Work order
Please reproduce the data exactly, excluding any pictures it contains.

[Record excerpts — start]

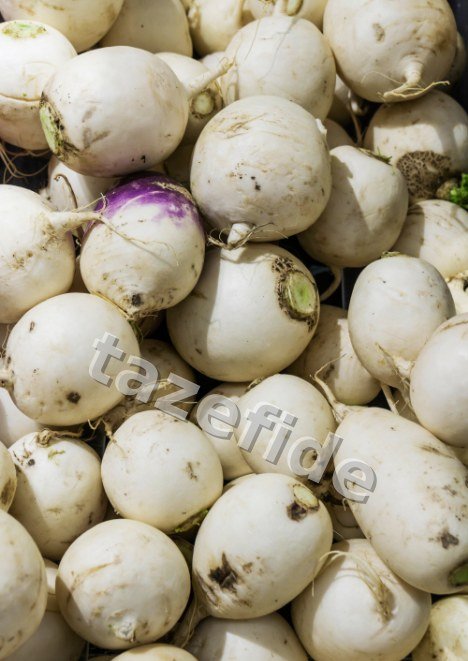 Havuç Tohumu 1200 adet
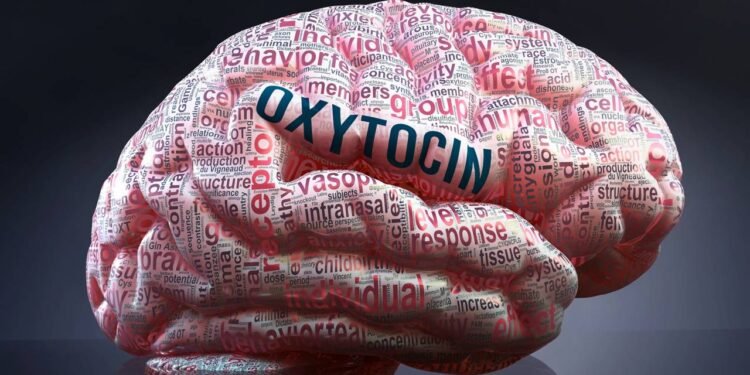Ocitocina - Créditos: depositphotos.com / NiceIdeas
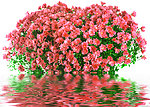 水中花卉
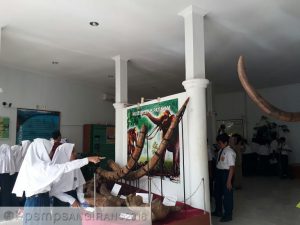 Gambar Artikel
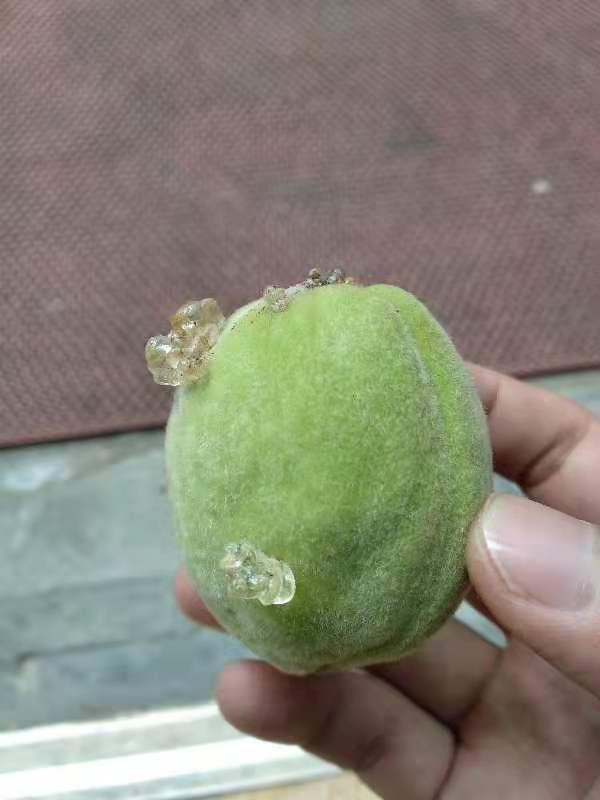 流胶病对树有什么影响,树木流胶的防治方法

[Record excerpts — finish]

Reply to the exercise
 Havuç Tohumu 1200 adet
Ocitocina - Créditos: depositphotos.com / NiceIdeas
 水中花卉
 Gambar Artikel
 流胶病对树有什么影响,树木流胶的防治方法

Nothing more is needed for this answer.